(Spatial localization data)

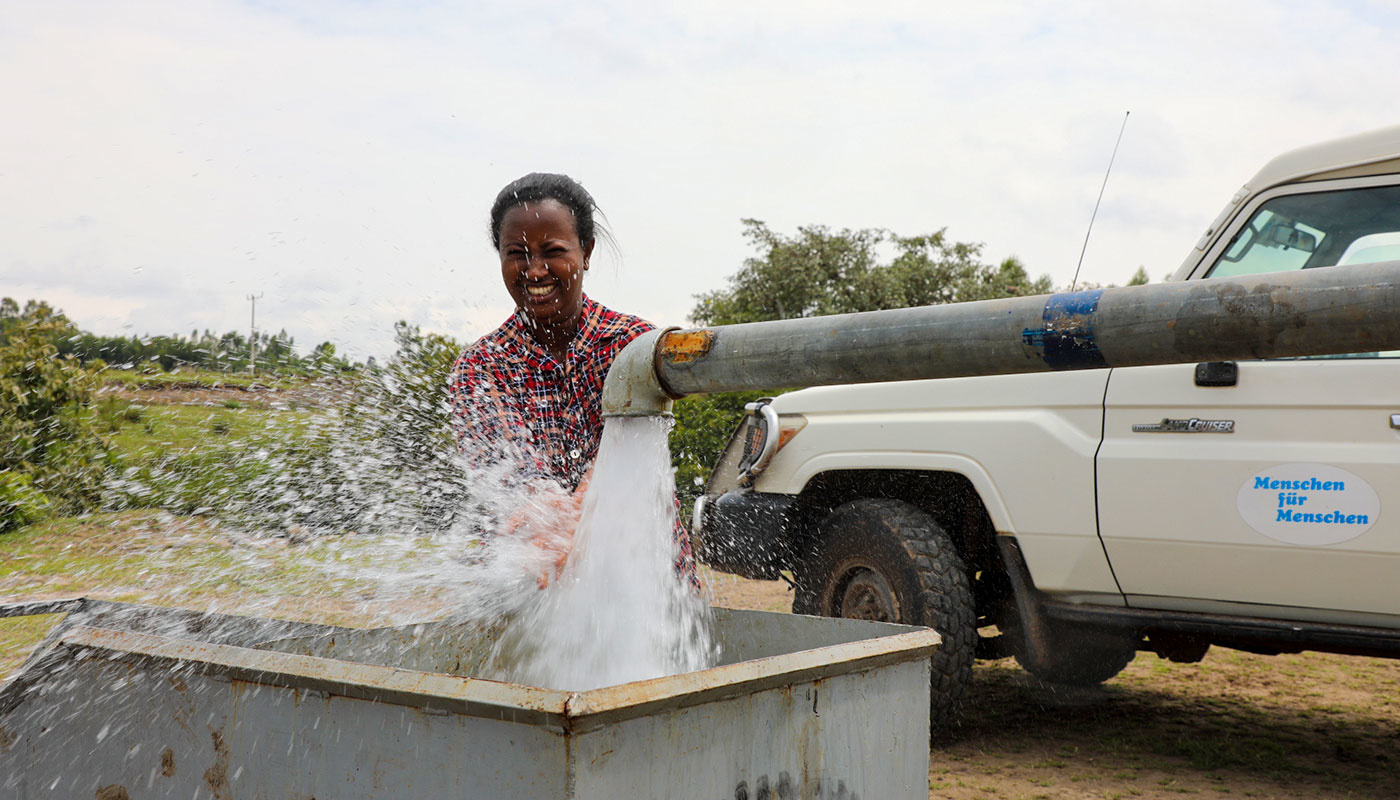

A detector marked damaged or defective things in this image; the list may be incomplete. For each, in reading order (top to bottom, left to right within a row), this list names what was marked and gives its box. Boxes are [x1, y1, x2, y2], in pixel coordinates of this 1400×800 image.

rusty stained trough [5, 599, 940, 800]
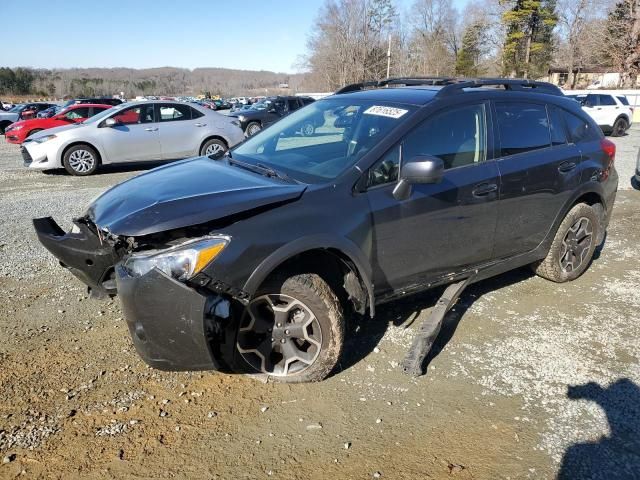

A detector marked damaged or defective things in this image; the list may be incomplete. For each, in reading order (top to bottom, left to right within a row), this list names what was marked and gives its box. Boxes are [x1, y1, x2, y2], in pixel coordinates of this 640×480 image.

cracked front bumper [115, 266, 240, 372]
damaged black suv [33, 79, 616, 382]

### Directions for this task
The records above are to be copied exactly, without their pictures.

### Solution
A detector marked damaged or defective things in this image; the list may be incomplete. For each, in reading order (top to bottom, left to right within a row), this list names what was marked and gives its box. Boxes are [x1, y1, x2, y2], in pixel coordinates of this 1400×800 image.

rusty stained trough [5, 599, 940, 800]

A detector marked damaged or defective things in this image; the list may be incomplete. For each, in reading order (top to bottom, left to right within a row), this list names what was marked and gives its box. Boxes are [x1, y1, x2, y2], in pixel coordinates of this 640×480 image.

cracked front bumper [115, 266, 240, 372]
damaged black suv [33, 79, 616, 382]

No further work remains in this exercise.